I think I will use this book as part of the launch to our biography unit – Atkins skilfully shares that part of Anning’s life story which explains her driving interest, her motivation to follow her dream. This is a theme we study closely in our biography unit, as well, and using this book as a read aloud will help us discuss this together as a class.
Anne Hutchinson’s Way also written by Jeannine Atkins and illustrated by Michael Dooling, is a fictionalized story based on a real family’s experience in the early days of the Puritan colonies. From the jacket copy: “In 1634, young Susanna Hutchinson travels from England across the Atlantic with her parents and siblings, finally landing in the New World. There the family hope to practice their religion as they see fit.
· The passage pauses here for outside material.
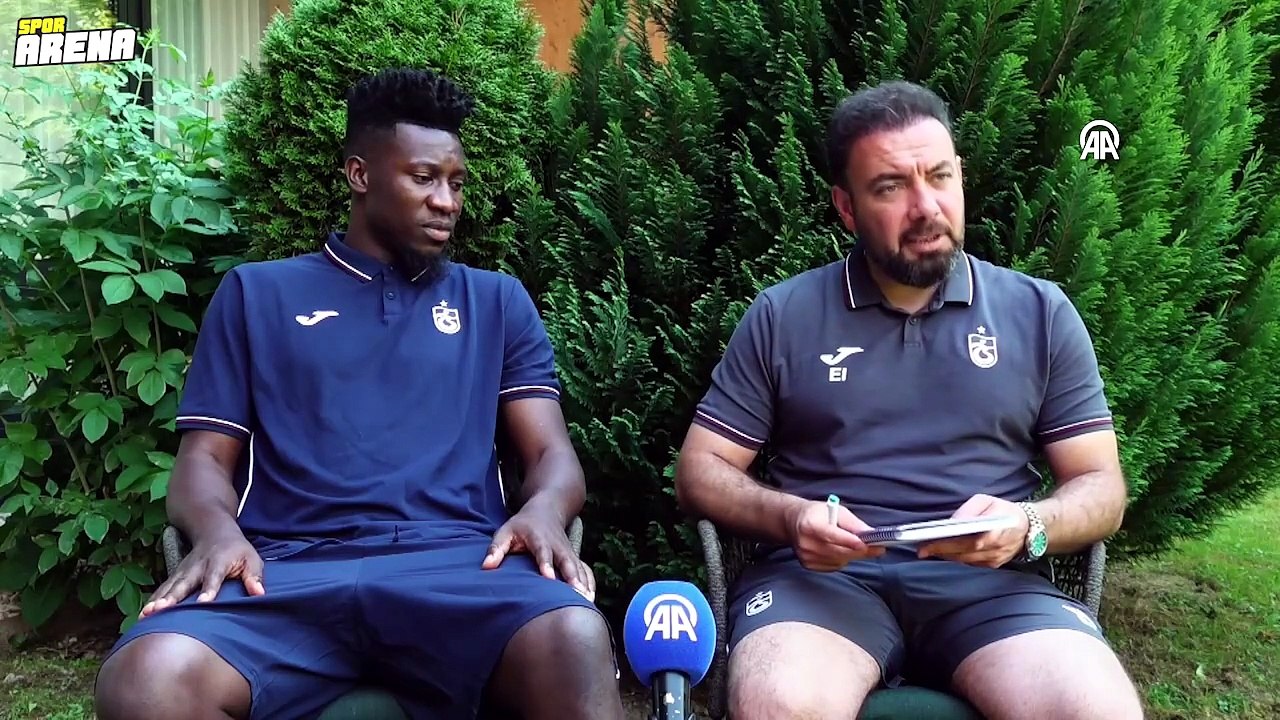 Andre Onana, Trabzonspor'da en şaşırdığı olayı anlattı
But Anne Hutchinson, Susanna’s mother, does not like the minister’s manner.” She has good reason – the minister believes it is against the law for a woman to preach, and, to Anne Hutchinson, “keeping her beliefs to herself would be like keeping food from the hungry or medicine from people in pain.” As a punishment, Anne is sent to prison, far away from her young family. Upon her release, mother and children make their way on foot to from the Massachusetts Bay Colony to New York, where Anne Hutchinson could have the freedom to practice her religious views – the freedom for which she had crossed the Atlantic in the first place.
Atkins gives us a glimpse of early colonial life – the strength of personal faith, the hardships people were prepared to endure and the sacrifices they were willing to make.
Where will I use this book? I love the way Atkins writes – how she is able to sketch daily life and events so as to show a culture as a whole – what it was like to live in those long ago days. I may also use this book in our Social Studies class, when we talk about the Bill of Rights, and the debates about religious freedom at the time of the Constitutional Convention. This story would be a wonderful link to this debate even in the very earliest days of our nationhood – I could envision many discussions around the situation Anne found herself in among the leaders of her new community.
So…some fabulous new finds for my ever expanding “mentor text” basket!